How Gen AI Can and Can’t Help Create Great Content

Like many who create content for a living, I’ve experimented with GPT-4 to see what it can do. Part of this exploration is for self-preservation. (Will AI steal my job helping executives develop business articles?) The other is curiosity. (How might it save us time and effort?)

I’ve found that GPT-4 can make content creation easier and quicker, and I’ll describe how below. But it cannot compose anything original that adds to our collective knowledge for two main reasons.

First, generative AI (GenAI) tools can only generate content based on what others have written, and busy execs aren’t interested in advice they’ve already seen elsewhere. Producing unique insights on a topic still requires original research or an expert practitioner.

Second, GenAI tools don’t do a great job of generating content based on what others have written. Douglas Hofstadter, the author of Gödel, Escher, Bach, has a story in The Atlantic about a GPT-4-generated description of why he wrote the book that’s wrong, despite the detailed description at the beginning of the book’s 20th-anniversary edition.

That said, there are some things GenAI can do to help make creating B2B content easier and less time-consuming. The most useful I have found so far are:

Summarize a transcript. Interview and panel transcripts run 8,000 to 10,000 words for an hour of conversation. That’s a lot of words to wade through to produce a 2,000-word article. GPT-4 (equipped with a plug-in such as AskYourPDF) can summarize the salient points and trim out the less important stuff. It tends to lose interesting details, but if you ask it to give you all the content relating to a particular point, it will pull all the relevant sentences and tell you the page they’re on so you can decide what to include. This can all save a lot of time.

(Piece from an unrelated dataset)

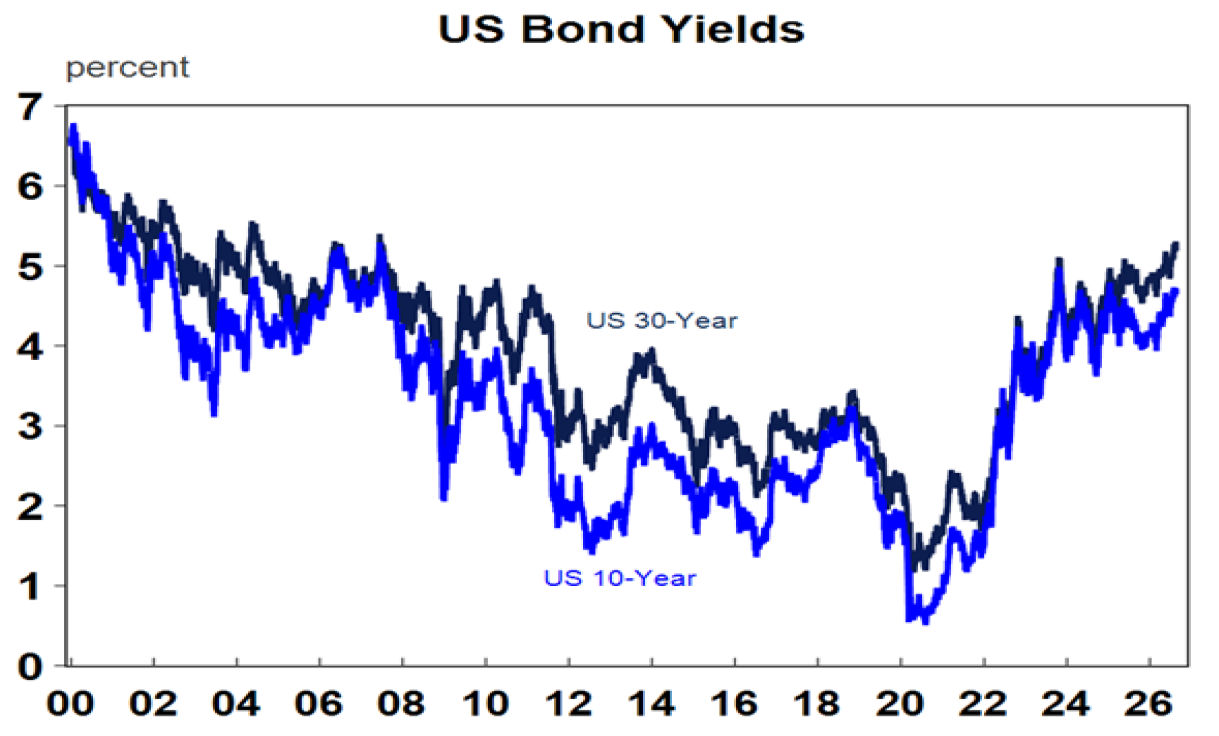US Bond Yields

Analyze technical documents. For a recent research study, we had to scour FDA review documents for new drug submissions. These can be 150 pages long and are inconsistently structured, so the answer to questions such as “What PROs (Patient-Reported Outcomes) did the sponsor use?” can take one or two hours to find. A typical GPT-4 answer was “The sponsor used the following PRO instruments: PedsQL (Pediatric Quality of Life Inventory) and EQ-5D-3L (EuroQol-5D-3L). These were used to assess health-related quality of life (HRQoL) [Page 61]. GPT-4 was stunningly complete and correct in doing this.

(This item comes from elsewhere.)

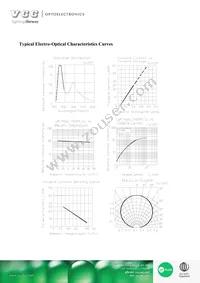 VAOL-S6WR4 Datasheet Page 5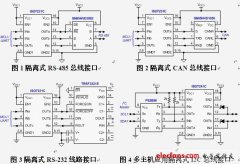 常见的数字接口的简化示意图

Draft routine copy. If you want an article that, for instance, summarizes the key issues in nonprofit marketing, as a friend recently did, GPT-4 will write a perfectly good one. It won’t say anything new or rise to the top of search results. But if, as in my friend’s case, you need to show you are in that market and can help visitors get up to speed quickly, GPT-4 does an acceptable job quickly for little effort.

Write headlines. I asked GPT-4 to write click-attracting headlines for an article about six things a company can do to bring patient care into the home. Here are two of them:

    • “Transforming Healthcare: Discover the 6 Key Strategies for In-Home Patient Care”
    • “From Hospital to Home: Mastering the 6 Vital Techniques for Exceptional Patient Care”

They are a little more melodramatic than our usual style, but I asked for click-attracting, so they are good starting points that could be winners with a little editing.

Create social media posts. I had GPT-4 write some social media posts for a recent article. They, too, were a bit breathless the first time around, but it toned them down when I asked it to. Here’s the result for Twitter, for example: “Discover the future of healthcare with remote patient care and hospital-at-home programs. Learn how health systems leverage digital solutions to deliver convenient, high-quality care. #RemoteCare #HealthcareInnovation [Link to the article].” It needed some tweaking, but it’s on-topic and perfectly usable.

GenAI machines are word manipulators. GPT-4, which I’ve worked with is excellent if the text it’s given is bounded. It excels at analyzing complex documents to which it’s constrained. The minute you allow it to access its vast database of ingested knowledge, you lose control, it can wander anywhere it wants, and the output can be banal and wrong.

GenAI cannot produce original, insightful content based on the unique experiences and opinions of people who know things the internet doesn’t. I’d never use it to generate final copy. On the other hand, if you use GenAI to support content development, you’ll be more efficient and produce better content than those who ignore or dismiss it.